Python gc Module Internals — Deep Dive
The collection algorithm
CPython’s cyclic garbage collector does not use the classical mark-and-sweep algorithm. Instead, it uses a variant based on reference count subtraction (sometimes called trial deletion):
- Build candidate set — all container objects in the target generation(s) are gathered.
- Subtract internal references — for each object in the set, decrement a temporary copy of the reference count for every reference it holds to another object in the set. This removes “internal” references within the candidate set.
- Find roots — objects whose adjusted reference count is still greater than zero are reachable from outside the set. They are “roots.”
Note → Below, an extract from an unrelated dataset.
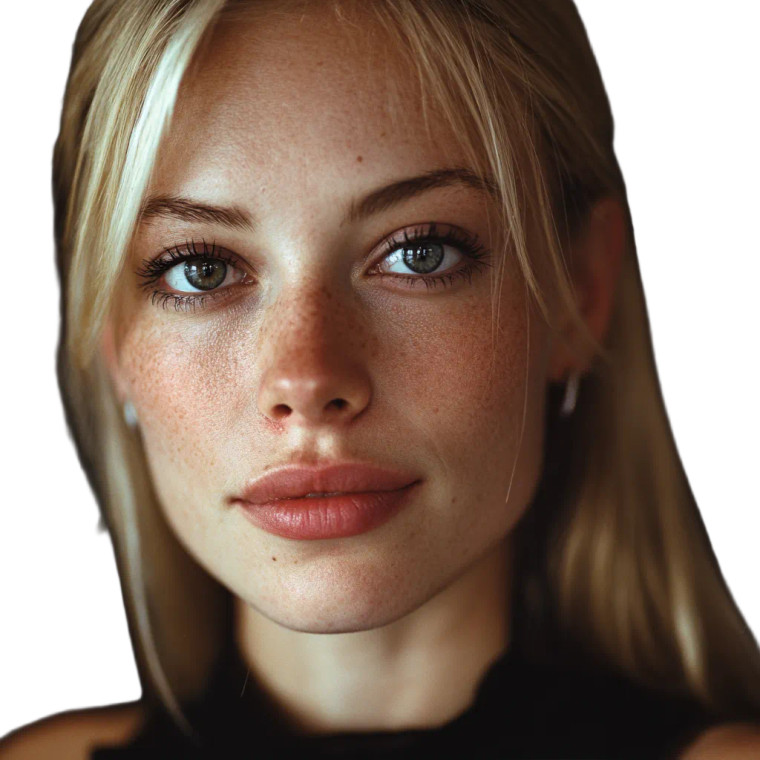 American Blonde Model Vinyl Car Decal Sticker – Waterproof & UV-Resistant 3.4133333333333336"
- Mark reachable — starting from roots, traverse all references and mark objects as reachable.
- Collect unreachable — everything not marked as reachable is garbage. Free it.
import gc
import sys
class Node:
def __init__(self, name):
self.name = name
self.ref = None
# Create a cycle
a = Node("A")
b = Node("B")
a.ref = b
b.ref = a
# Reference counts include the local variables
print(f"refcount(a): {sys.getrefcount(a)}") # 2 (a + getrefcount arg)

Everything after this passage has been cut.